▼▼▼

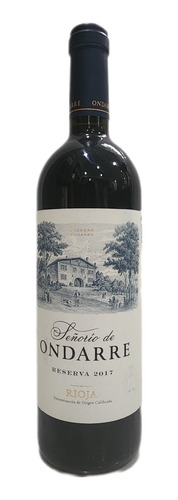 Vino Tinto Español Señorio De Ondarre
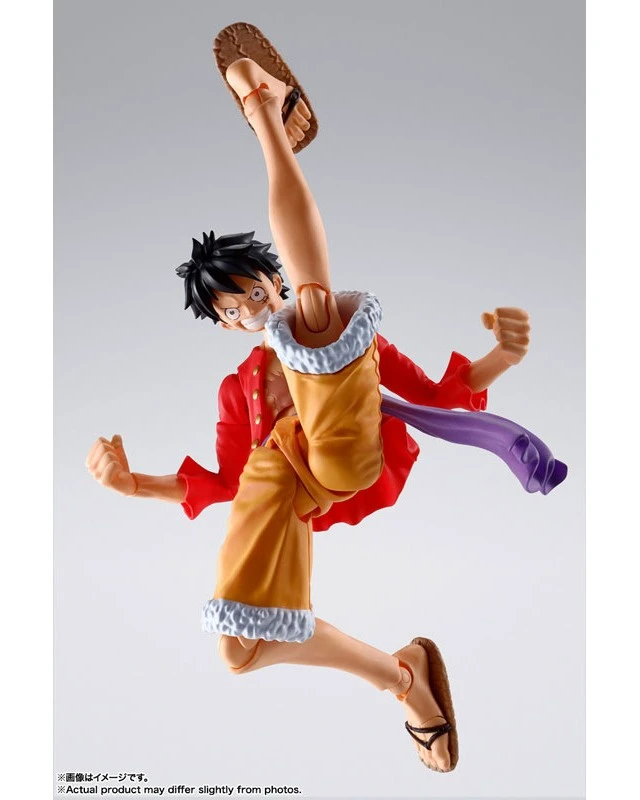 Alt view image 6 of 6 - S.H.Figuarts Monkey D. Luffy -Onigashima Raid- (ONE PIECE)
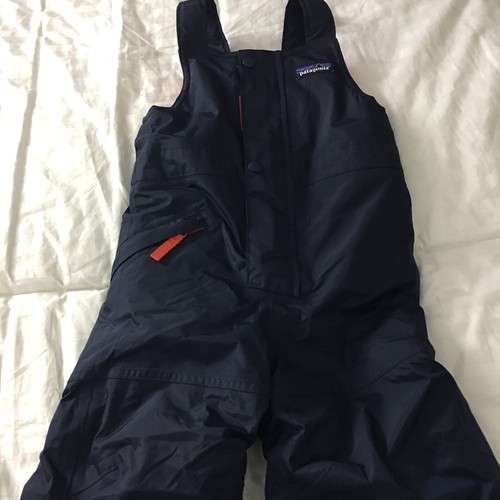 PATAGONIA Baby Snow Pile Bibs - 61108 - size 2T $119.00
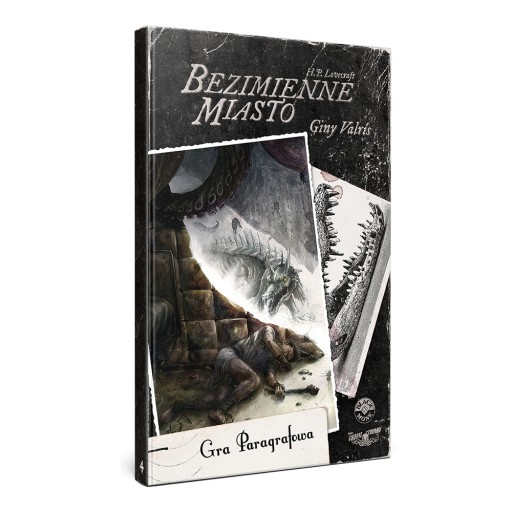 Choose Cthulhu 4: Bezimienne Miasto paragrafowa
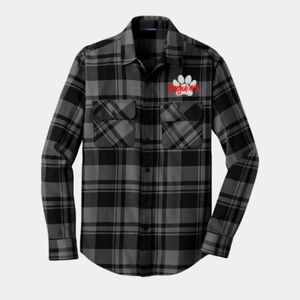 Plaid Flannel Shirt Thumbnail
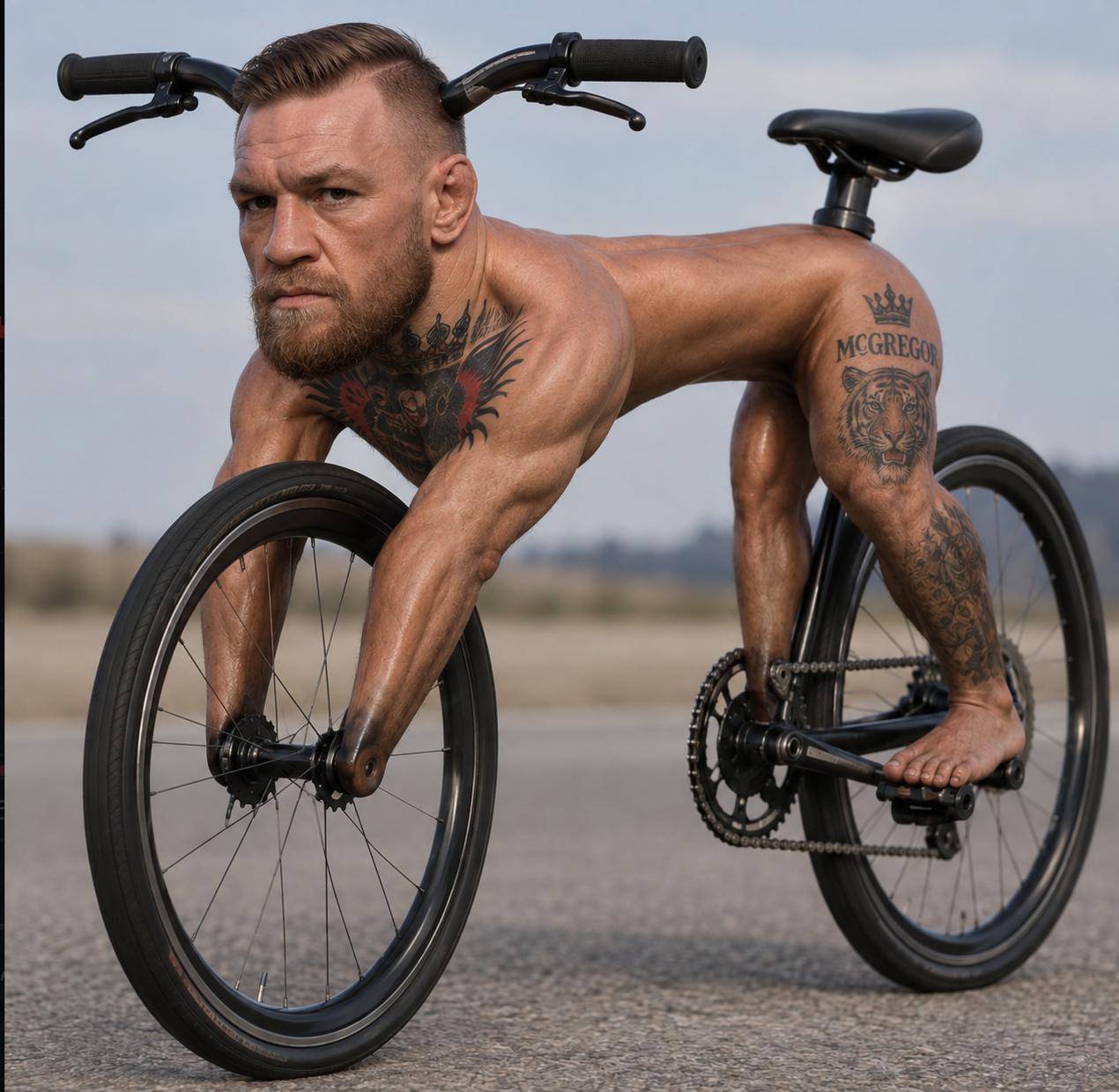 bikeconor meme character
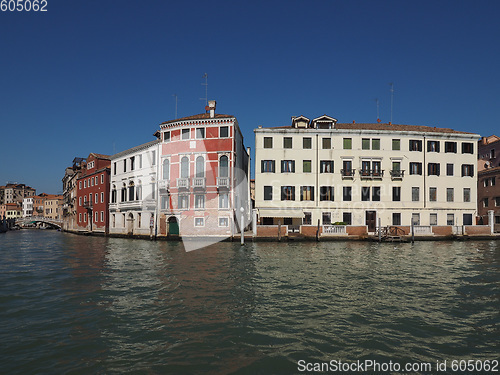 Image of Canal Grande in Venice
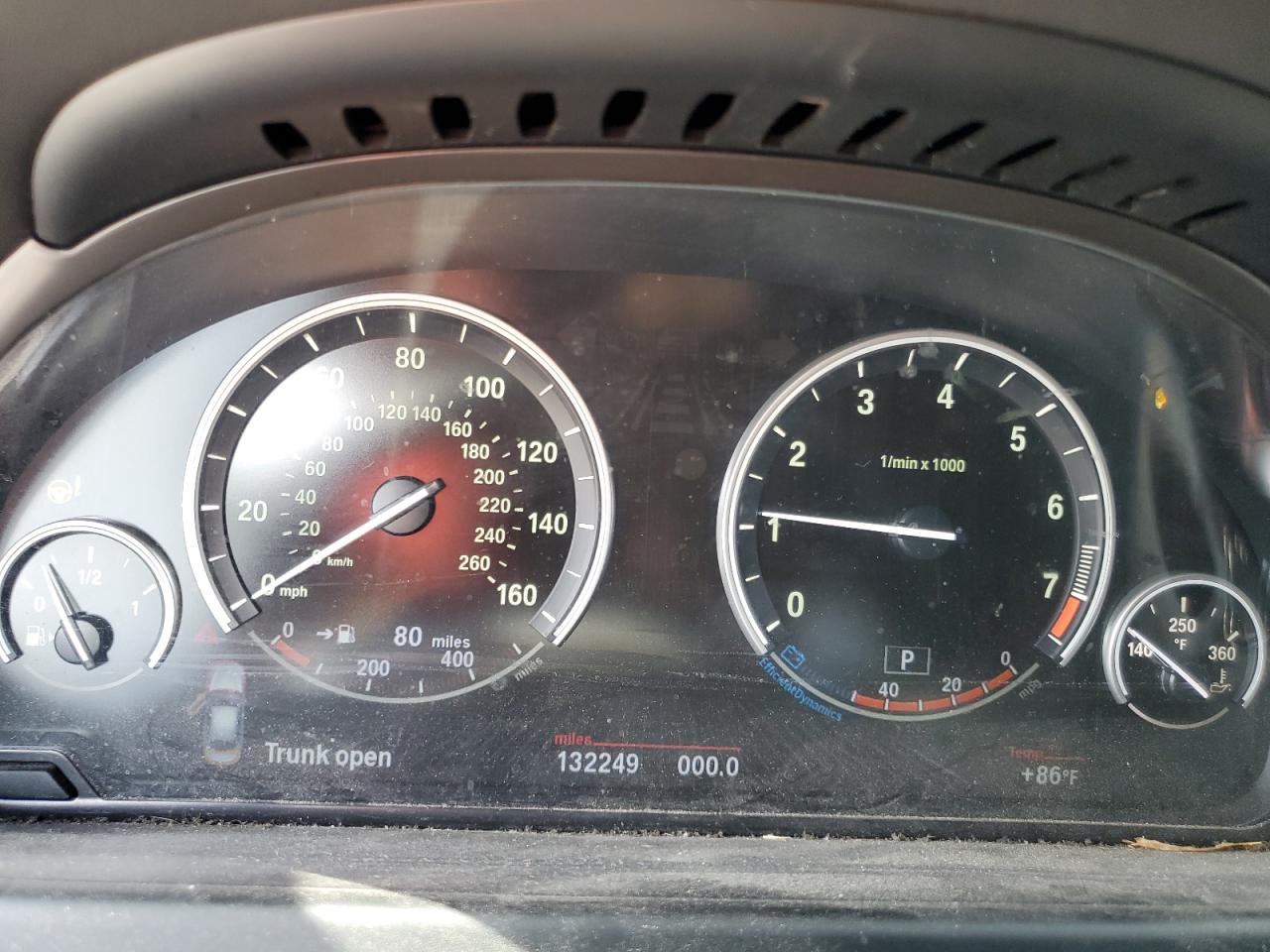 2013 BMW 640 I VIN: WBA6A0C51DDZ03588 Lot: 62842665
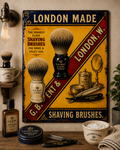 KENT & SONS SHAVING BRUSHES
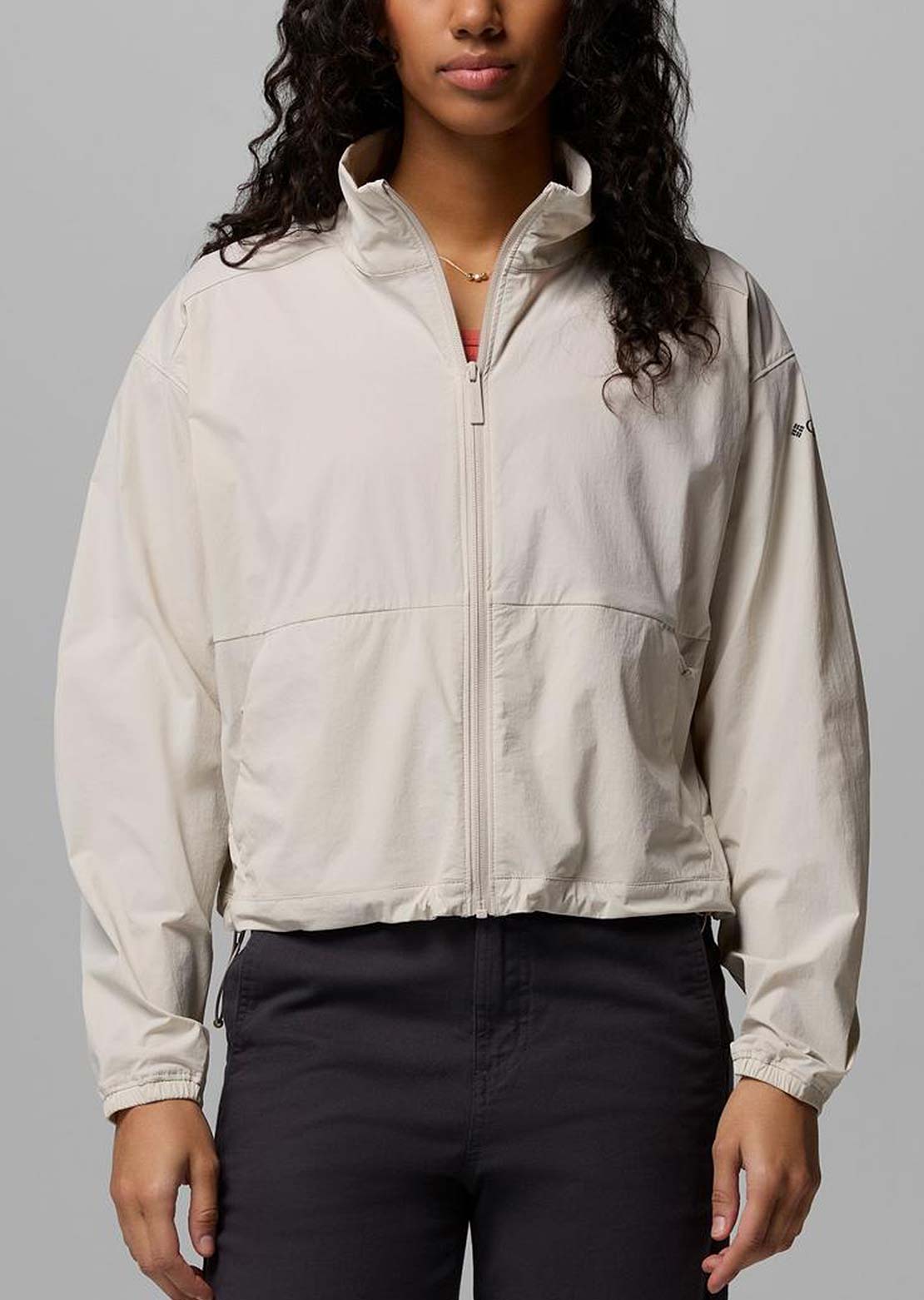 Columbia Women’s AmazeStretch Jacket Dark Stone
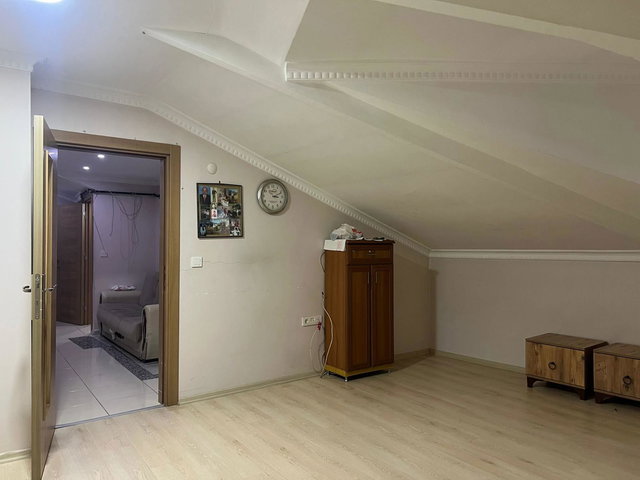 ALIBEYKÖY MERKEZDE KIRALIK DAIRE ÇATI KATI 1+1 YENI BINA 2017 YAPIMI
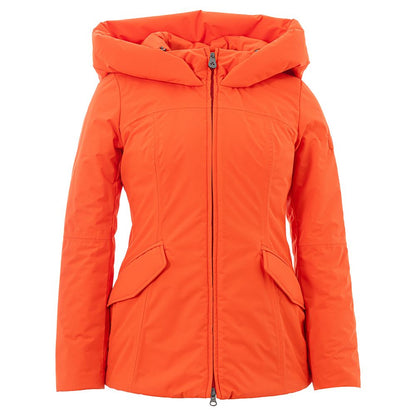 Peuterey Veste en polyester orange élégante pour femme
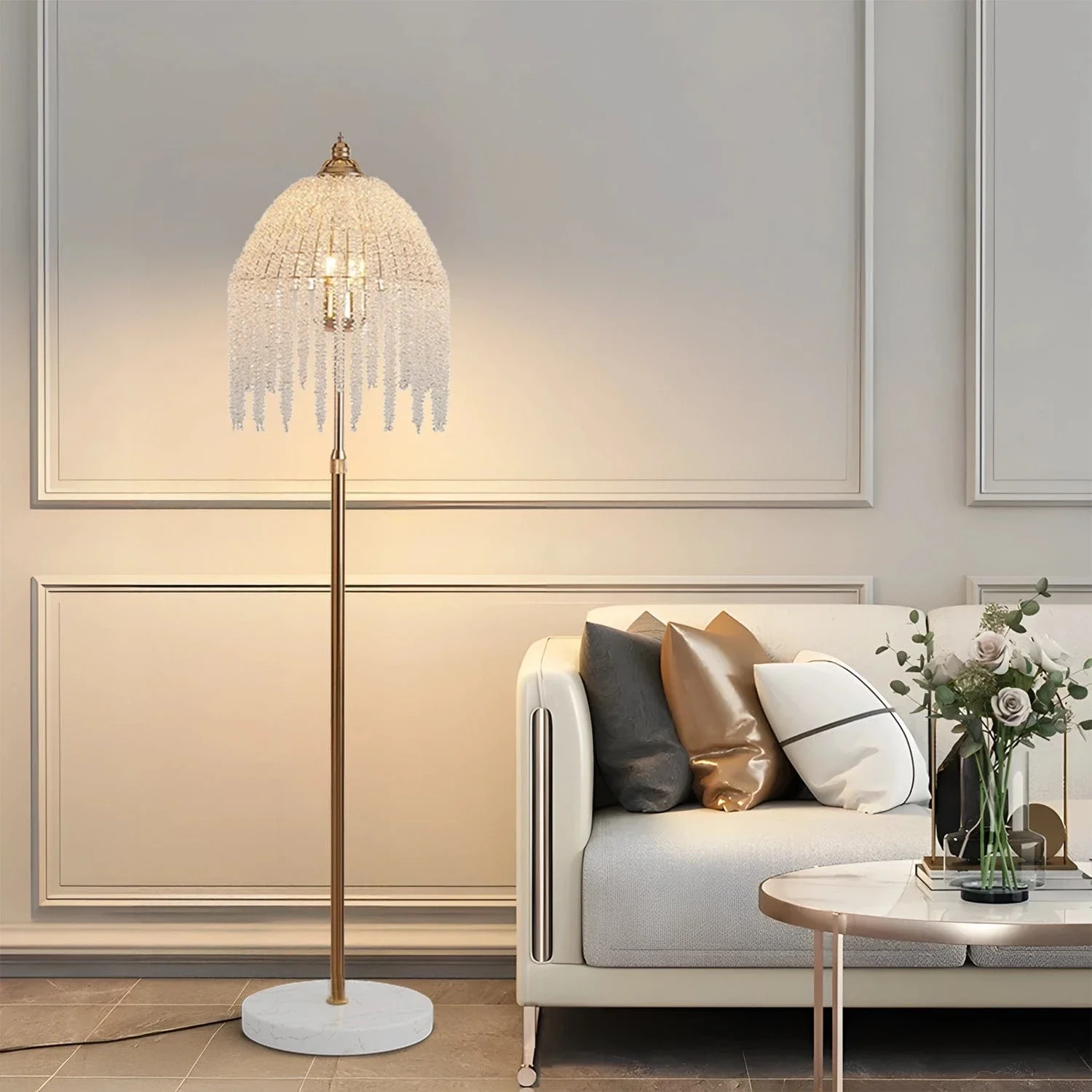 golden ivy floor lamp golden ivy floor lamp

▲▲▲

All that should be printed is the lines from the one containing "Plaid Flannel Shirt Thumbnail" through the last line of the material above, both ends included, exactly as they stand; please skip the pictures.

*OUTPUT OF THE EXERCISE*.
 Plaid Flannel Shirt Thumbnail
 bikeconor meme character
 Image of Canal Grande in Venice
 2013 BMW 640 I VIN: WBA6A0C51DDZ03588 Lot: 62842665
 KENT & SONS SHAVING BRUSHES
 Columbia Women’s AmazeStretch Jacket Dark Stone
 ALIBEYKÖY MERKEZDE KIRALIK DAIRE ÇATI KATI 1+1 YENI BINA 2017 YAPIMI
 Peuterey Veste en polyester orange élégante pour femme
 golden ivy floor lamp golden ivy floor lamp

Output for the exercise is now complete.